The truly dusty, Western moment here is the title track, a slow country waltz that’s imbued with a bluesy folk lament, underscored by a saloon piano foundation. While the song sounds like a songwriter’s personalized paean to a misbegotten life of trading in fictions (“And if I was a shadow / On a long, lonely gallows / They’d hang me and pull off my lip / ‘Cause making up stories / Was all I could do / And you know that the truth ain’t worth shit”), in fact Baillie admits that the song was inspired by some reading he’d done about a yellow journalist from the past who’d been caught in his printed lies. Still, it makes for a great processional march, and the song’s diversion from the guitar pop formula shows what La Rocca can really do as artists. That same spirit returns again in “Some You Give Away”, an acoustic road ballad that touches on a blues that even recalls the Stones.
But it’s the force of the driving, propulsive songs that gives The Truth most of its character. The big pop swell of the piano-anchored “Goodnight” is arena-ready to play alongside Coldplay and Keane, while “Sing Song Sung” (the one holdover from this year’s earlier EP of the same name) is a terse, upbeat piece of indie rock marrying the album’s tightest rock guitars with a jaunty melody of chimes. “Eyes While Open” openly cribs from the World Party playbook, full of Karl Wallinger’s sociopolitical Dylan appropriations and having the chutzpah to actually drop Dylan’s name in the lyrics. But it’s the late-album track “Cats” that nearly steals the show in all its strident exuberance. Sounding as much like contemporary Canadian indie as anything, owing perhaps to the chilly vibes tones employed by Haworth, the track climbs steadily to a rising chorus the bursts into assertive strains, Baillie’s voice reaching with every swell. And if “Non Believer” sounds overtly like All That You Can’t Leave Behind-era U2, well, hell, La Rocca’s fellow countrymen aren’t the biggest band in the world for nothing. Baillie does a more than passable Bono imitation, and it’s the one moment where this soundalike comparison is wholly true.

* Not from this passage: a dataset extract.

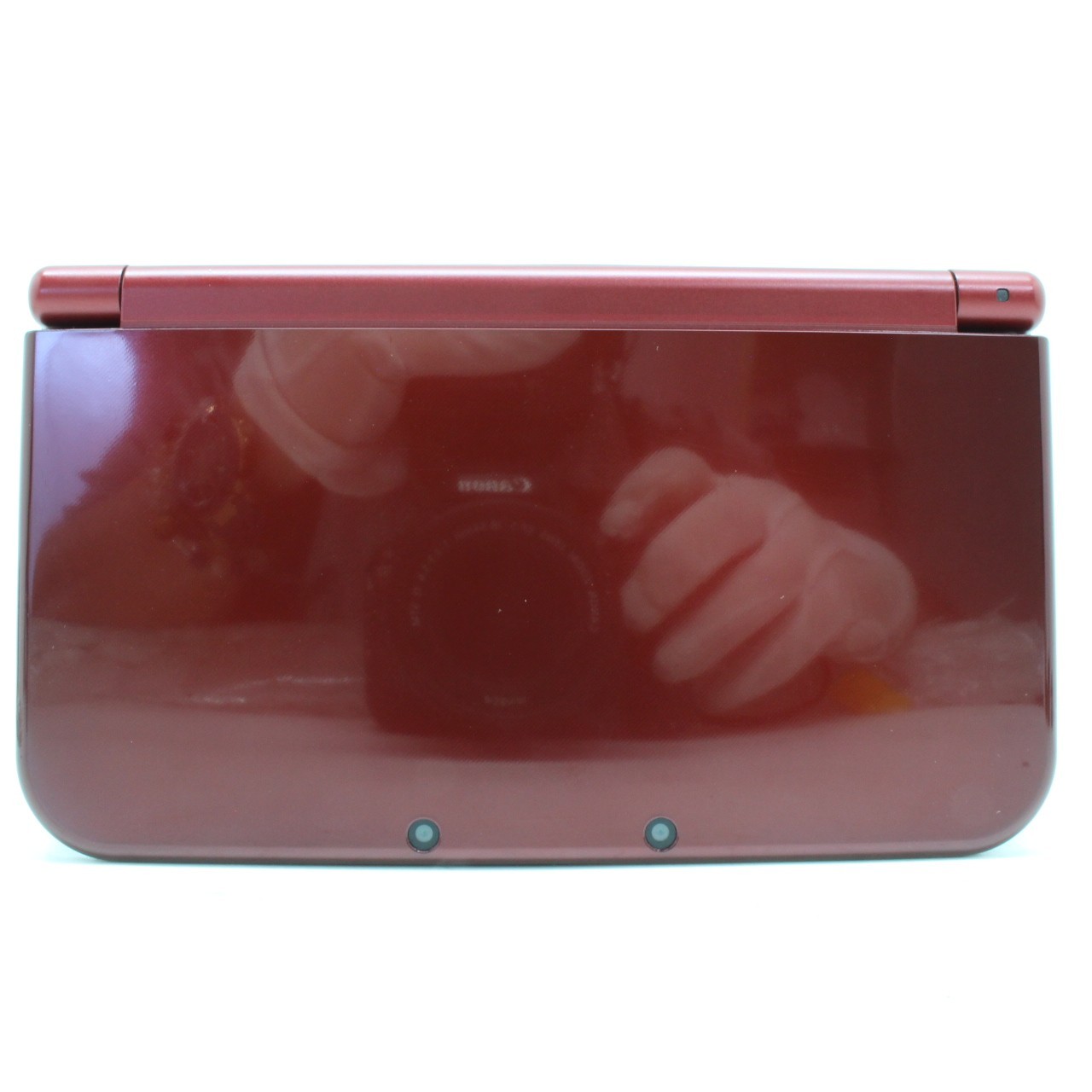 [ MINT ] NINTENDO NEW 3DS XL Metallic RED Game Console From Japan 4198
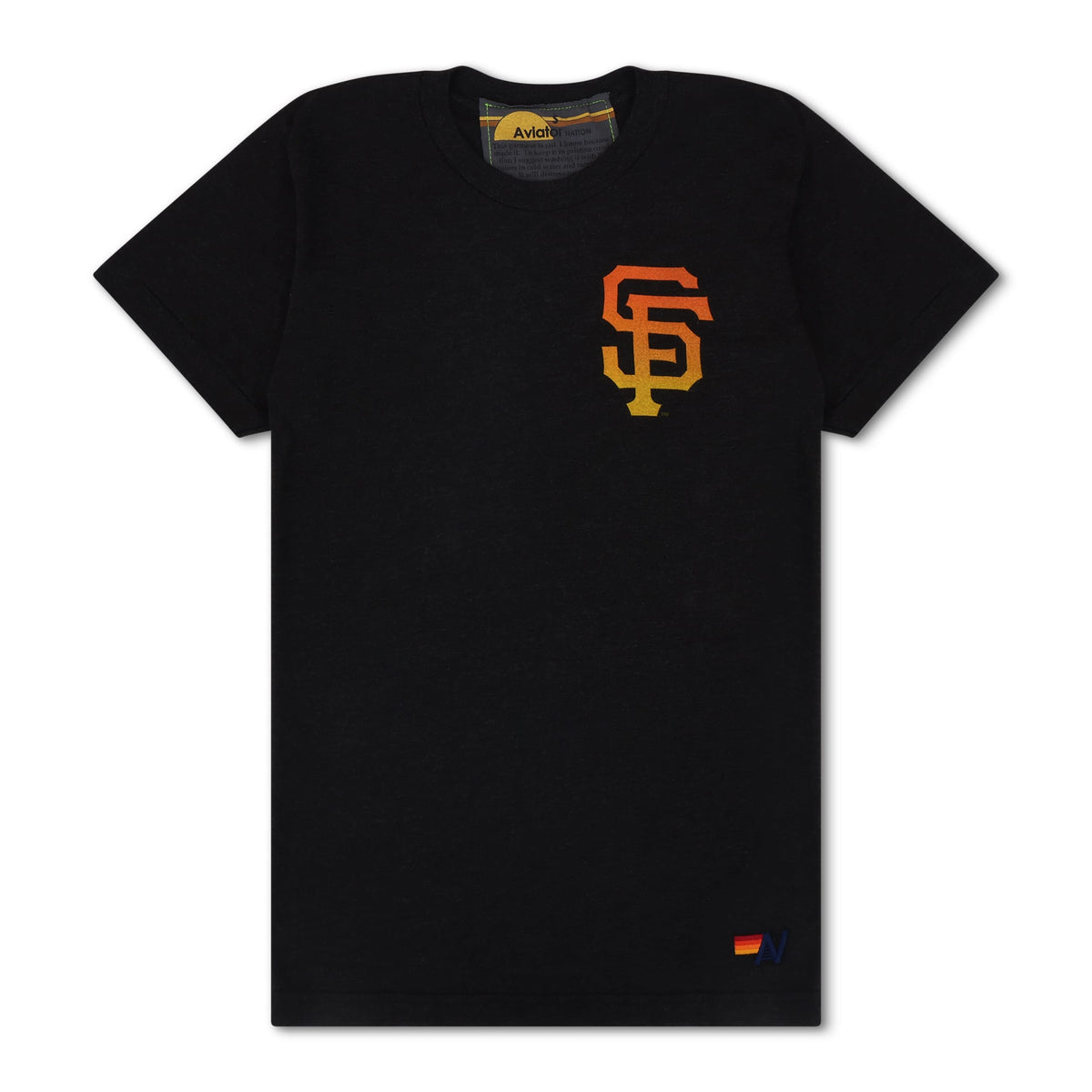 Classic SAN FRANCISCO GIANTS 2026 CREW TEE - BLACK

As “Capitol Pill” takes things out with an Americana-fueled piano waltz that Ryan Adams would kill for, it’s clear that La Rocca’s The Truth is a self-assured debut by a band that has serious chops, unafraid to milk its various influences and capable of playing in a variety of modes and styles without losing a sense of self. While they may reference or remind, rarely does it seem like La Rocca is trying to imitate. La Rocca don’t succeed by being unlike anything you’ve ever heard — they succeed, in the best pop tradition, by sounding familiar yet retaining a sense of identity. As a bridge between US and UK pop tradition, the album is remarkable for the place it stakes out for itself. The Truth isn’t a sheer wall of brilliance from start to finish, but neither can it truly be said to contain filler. Instead, it’s a strictly enjoyable collection of 11 songs that never feel clipped nor overstay their welcome, with hooks and melodies that linger.
Whether there’s a true Irish pop scene brewing is difficult to say, but Tony Hoffer’s sure managed to discover and produce two gems from the Emerald Isle in the last few years, and beginning with the Thrills’ So Much for the City in 2003 up to the present in La Rocca, some merger of pop traditions seems to be coming out of Ireland these days. All the better that La Rocca manage to stand on their own as they forge this path.